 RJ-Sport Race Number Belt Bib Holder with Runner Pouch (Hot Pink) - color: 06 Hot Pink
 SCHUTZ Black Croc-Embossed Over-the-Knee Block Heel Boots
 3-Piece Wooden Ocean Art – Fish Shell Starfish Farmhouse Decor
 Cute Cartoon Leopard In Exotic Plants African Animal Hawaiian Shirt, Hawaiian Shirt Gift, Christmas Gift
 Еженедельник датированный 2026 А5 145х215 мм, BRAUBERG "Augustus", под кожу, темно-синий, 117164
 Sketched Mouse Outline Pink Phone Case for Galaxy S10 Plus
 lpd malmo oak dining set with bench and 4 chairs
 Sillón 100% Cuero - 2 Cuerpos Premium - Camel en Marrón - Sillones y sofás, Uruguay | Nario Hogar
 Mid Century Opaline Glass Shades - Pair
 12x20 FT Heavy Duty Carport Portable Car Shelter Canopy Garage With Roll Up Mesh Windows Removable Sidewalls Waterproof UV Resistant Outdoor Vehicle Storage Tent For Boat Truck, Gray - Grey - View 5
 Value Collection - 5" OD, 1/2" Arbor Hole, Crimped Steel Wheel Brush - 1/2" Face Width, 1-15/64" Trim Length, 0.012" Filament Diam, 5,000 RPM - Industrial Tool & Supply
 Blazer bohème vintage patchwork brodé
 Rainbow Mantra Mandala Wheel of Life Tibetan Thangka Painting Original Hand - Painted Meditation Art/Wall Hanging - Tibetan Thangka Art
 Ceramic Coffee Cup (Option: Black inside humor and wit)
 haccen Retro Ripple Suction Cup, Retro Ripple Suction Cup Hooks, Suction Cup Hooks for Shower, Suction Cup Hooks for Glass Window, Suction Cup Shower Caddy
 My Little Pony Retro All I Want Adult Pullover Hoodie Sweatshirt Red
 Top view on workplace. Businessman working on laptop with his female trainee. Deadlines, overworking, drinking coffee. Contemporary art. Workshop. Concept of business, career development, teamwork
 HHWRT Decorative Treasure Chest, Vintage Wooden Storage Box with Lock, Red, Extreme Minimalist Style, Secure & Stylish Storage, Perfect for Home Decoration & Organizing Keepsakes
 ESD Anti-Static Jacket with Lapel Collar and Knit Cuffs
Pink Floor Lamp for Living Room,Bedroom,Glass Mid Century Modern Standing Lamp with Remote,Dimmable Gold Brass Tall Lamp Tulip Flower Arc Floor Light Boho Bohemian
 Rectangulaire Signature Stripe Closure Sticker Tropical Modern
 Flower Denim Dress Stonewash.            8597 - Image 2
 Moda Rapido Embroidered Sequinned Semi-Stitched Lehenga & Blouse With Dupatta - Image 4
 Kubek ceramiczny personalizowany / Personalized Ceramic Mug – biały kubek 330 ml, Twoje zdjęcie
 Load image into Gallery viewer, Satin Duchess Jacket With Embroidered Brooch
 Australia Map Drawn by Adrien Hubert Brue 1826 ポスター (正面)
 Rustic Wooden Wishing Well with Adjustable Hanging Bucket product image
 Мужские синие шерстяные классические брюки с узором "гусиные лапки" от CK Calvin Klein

- TRY IT -
What are the lines, exactly as written above, from the line with "ESD Anti-Static Jacket" to the line with "Flower Denim Dress", both included? Output only those.

- ANSWER FOR THIS EXERCISE -
 ESD Anti-Static Jacket with Lapel Collar and Knit Cuffs
Pink Floor Lamp for Living Room,Bedroom,Glass Mid Century Modern Standing Lamp with Remote,Dimmable Gold Brass Tall Lamp Tulip Flower Arc Floor Light Boho Bohemian
 Rectangulaire Signature Stripe Closure Sticker Tropical Modern
 Flower Denim Dress Stonewash.            8597 - Image 2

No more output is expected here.